◆ **Exercise details**
Return the data verbatim, without pictures.
· · · ·
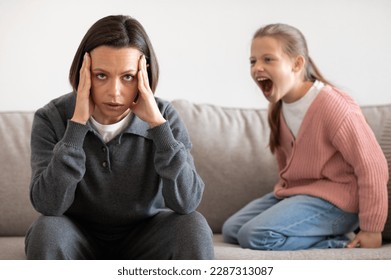 Angry excited aggressive teenager european girl yelling at sad tired millennial woman in living room interior. Relationship problems between mother and daughter, quarrel, hysteria - Shutterstock ID 2287313087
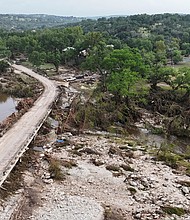 A drone view shows the Guadalupe River and damage from flooding near Camp Mystic in Hunt, Texas, on July 5.
Mandatory Credit:	Evan Garcia/Reuters via CNN Newsource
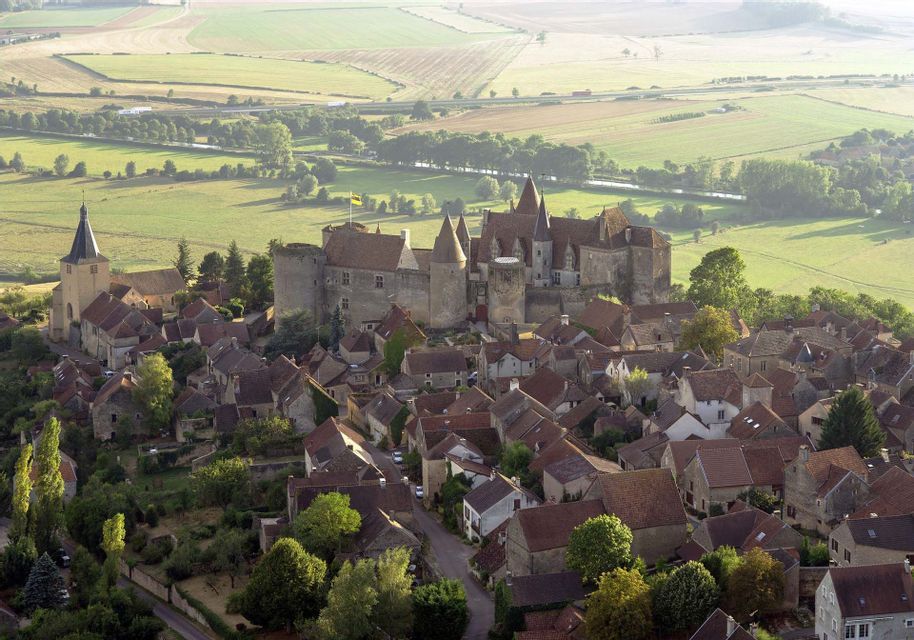 Veduta aerea di un borgo medievale con un grande castello in pietra su una collina, circondato da una verde campagna.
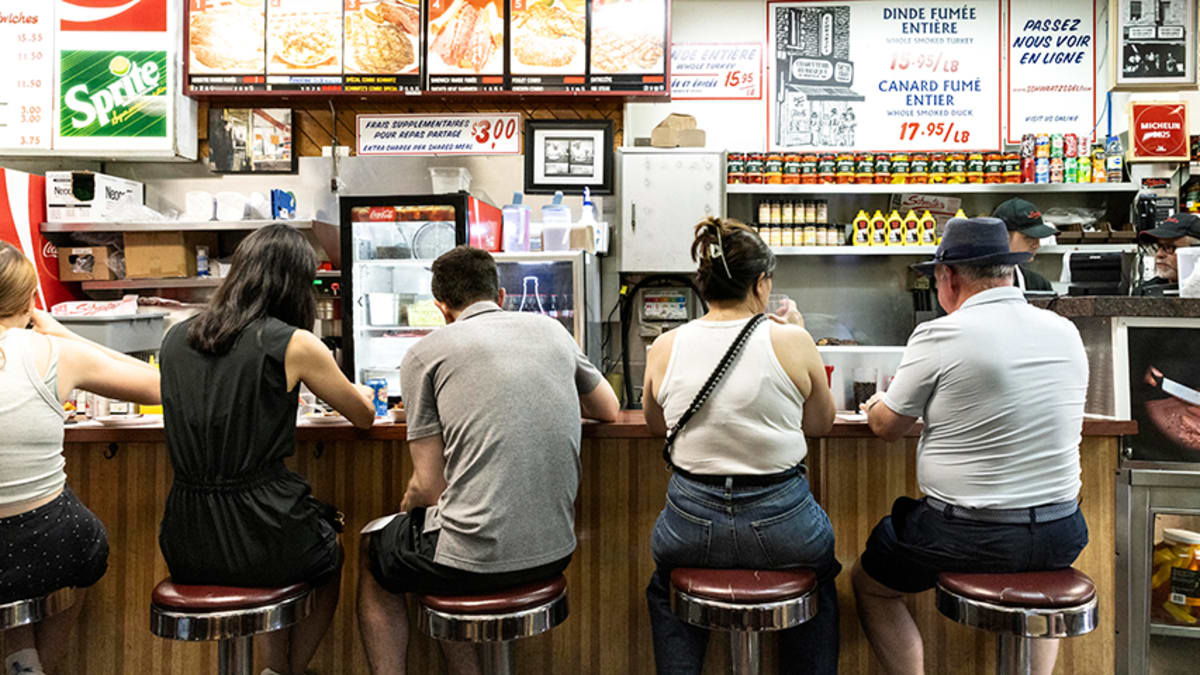 People sitting at the counter at Schwartz Deli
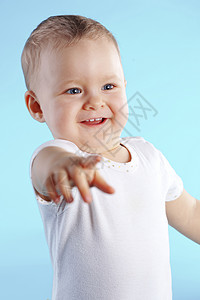 婴儿宝宝童年蓝色儿童工作室手指微笑快乐孩子背景图片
· · · ·
◆ **Exercise result**
 Angry excited aggressive teenager european girl yelling at sad tired millennial woman in living room interior. Relationship problems between mother and daughter, quarrel, hysteria - Shutterstock ID 2287313087
 A drone view shows the Guadalupe River and damage from flooding near Camp Mystic in Hunt, Texas, on July 5.
Mandatory Credit:	Evan Garcia/Reuters via CNN Newsource
 Veduta aerea di un borgo medievale con un grande castello in pietra su una collina, circondato da una verde campagna.
 People sitting at the counter at Schwartz Deli
 婴儿宝宝童年蓝色儿童工作室手指微笑快乐孩子背景图片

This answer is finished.